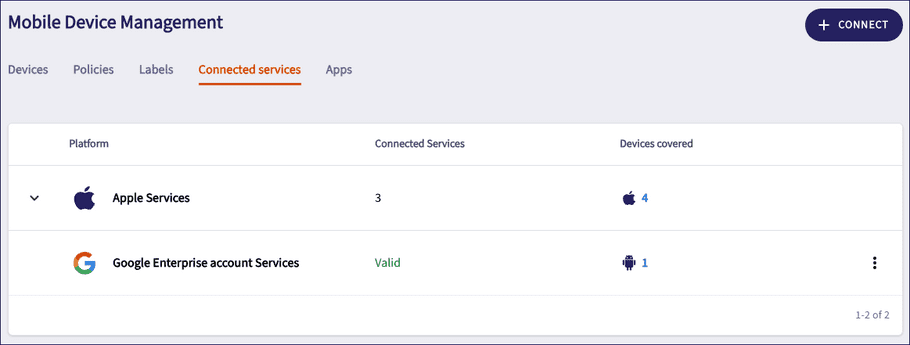 Currently connected Google Enterprise account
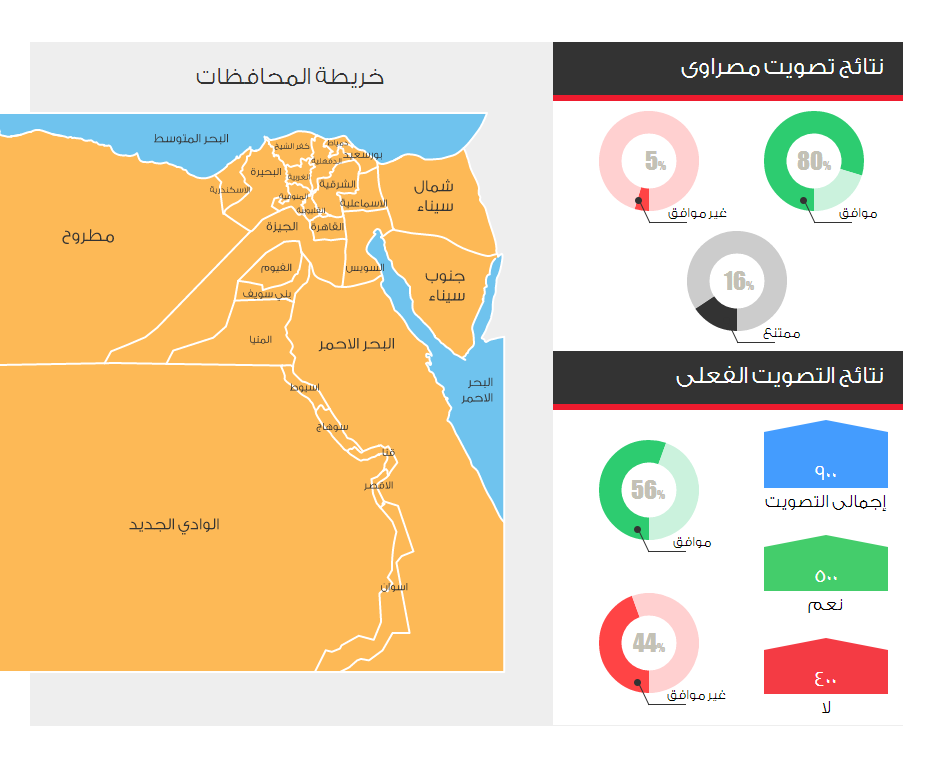 Election Results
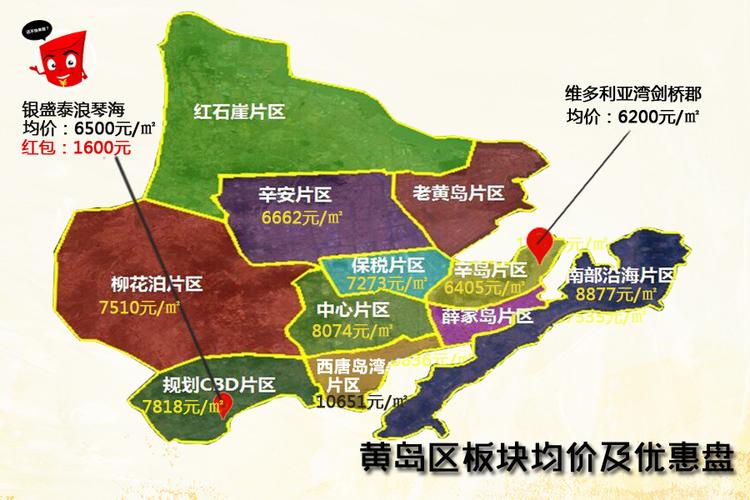 黄岛房价走势最新消息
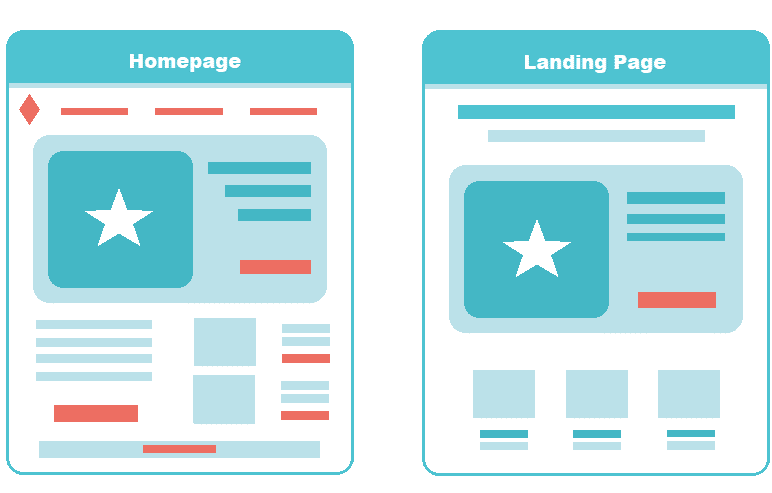 how to create high converting landing page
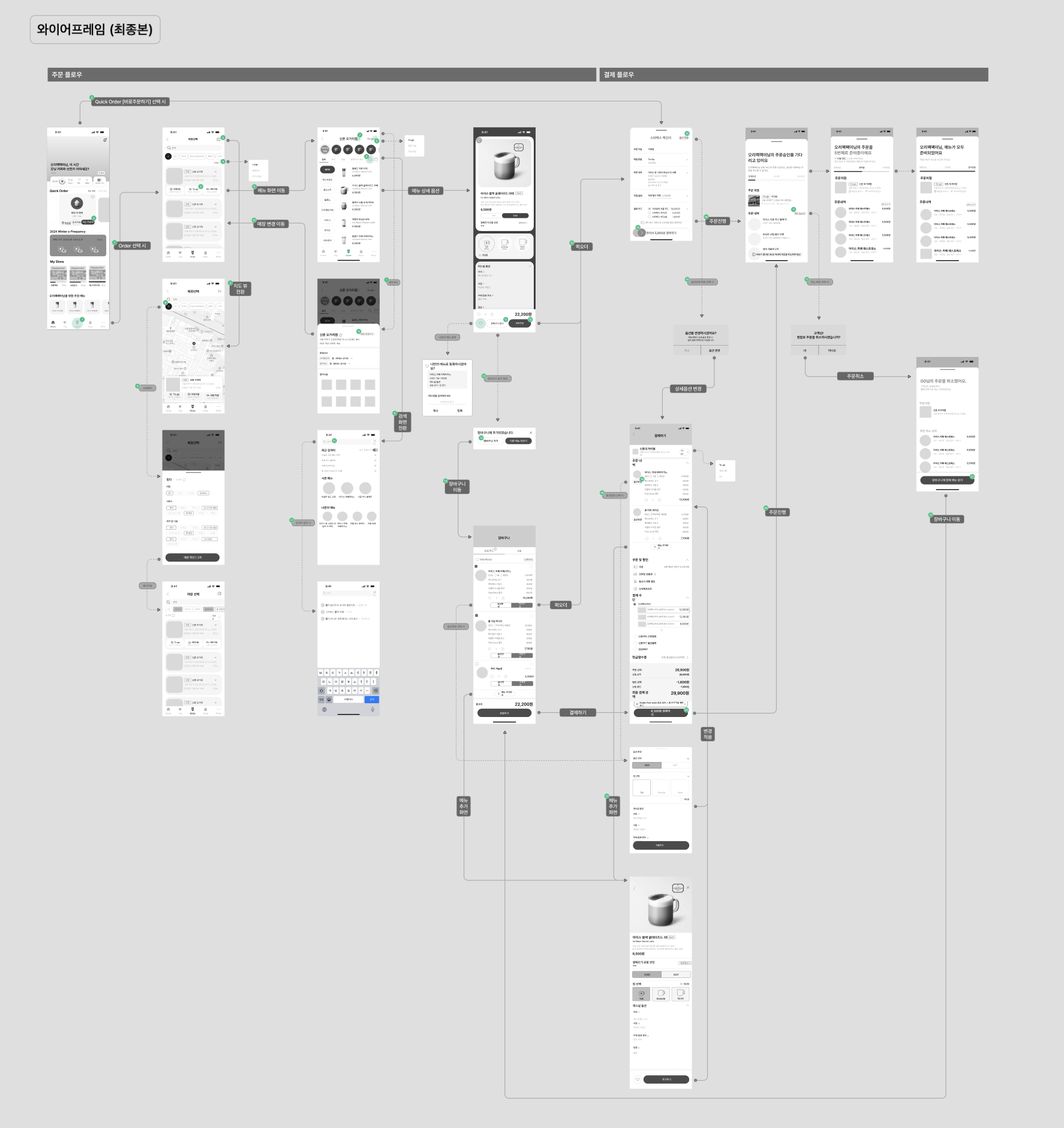 스타벅스 앱 리디자인 와이어프레임 - 주요 사용자 흐름 구조화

- **What this task involves**: Extract exactly the lines from the one containing "how to create high converting landing page" through the last line of the records above, both included, and leave out the pictures.

- **Output for this exercise**:
 how to create high converting landing page
 스타벅스 앱 리디자인 와이어프레임 - 주요 사용자 흐름 구조화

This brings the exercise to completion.